--- Problem to work on ---
Your answer must be the exact lines of the listing below that run from the line with "Ambition 5d #5" to the line with "火箭轻取灰熊马刺逆袭湖人勇士遭遇国王强劲挑战", ends included, and no pictures.

--- Input material ---
=-=-=-=-=

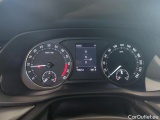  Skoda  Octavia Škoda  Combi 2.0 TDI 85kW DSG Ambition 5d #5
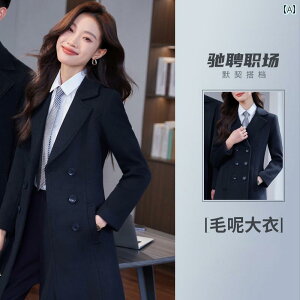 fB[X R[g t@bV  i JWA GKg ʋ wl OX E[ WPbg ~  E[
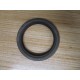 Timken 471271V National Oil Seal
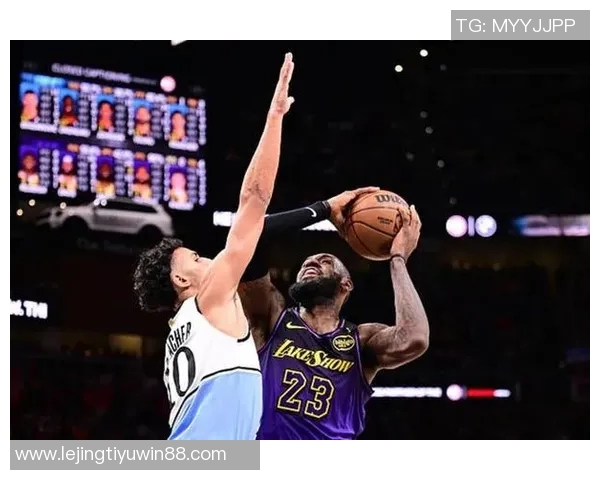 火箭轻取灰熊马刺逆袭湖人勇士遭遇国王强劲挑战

=-=-=-=-=

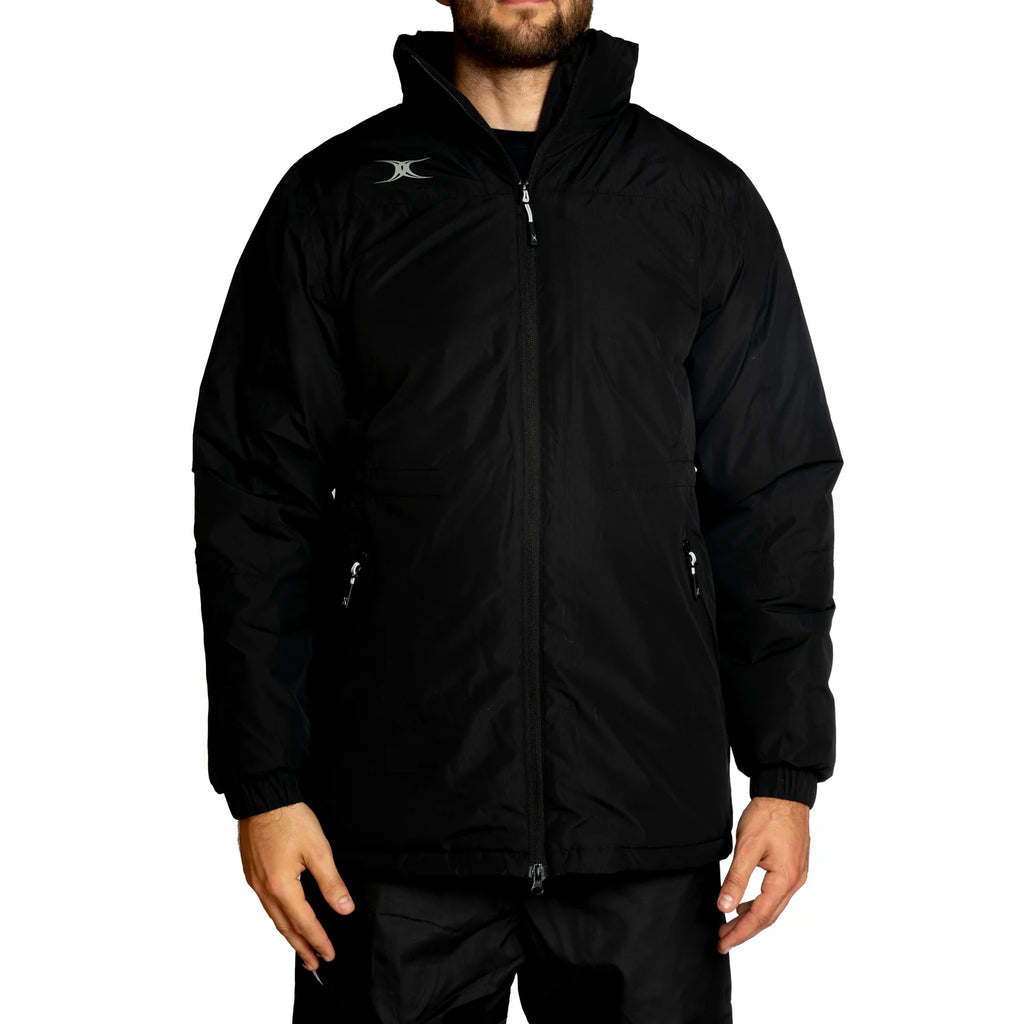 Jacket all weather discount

=-=-=-=-=

--- Output of the task ---
  Skoda  Octavia Škoda  Combi 2.0 TDI 85kW DSG Ambition 5d #5
 fB[X R[g t@bV  i JWA GKg ʋ wl OX E[ WPbg ~  E[
 Timken 471271V National Oil Seal
 火箭轻取灰熊马刺逆袭湖人勇士遭遇国王强劲挑战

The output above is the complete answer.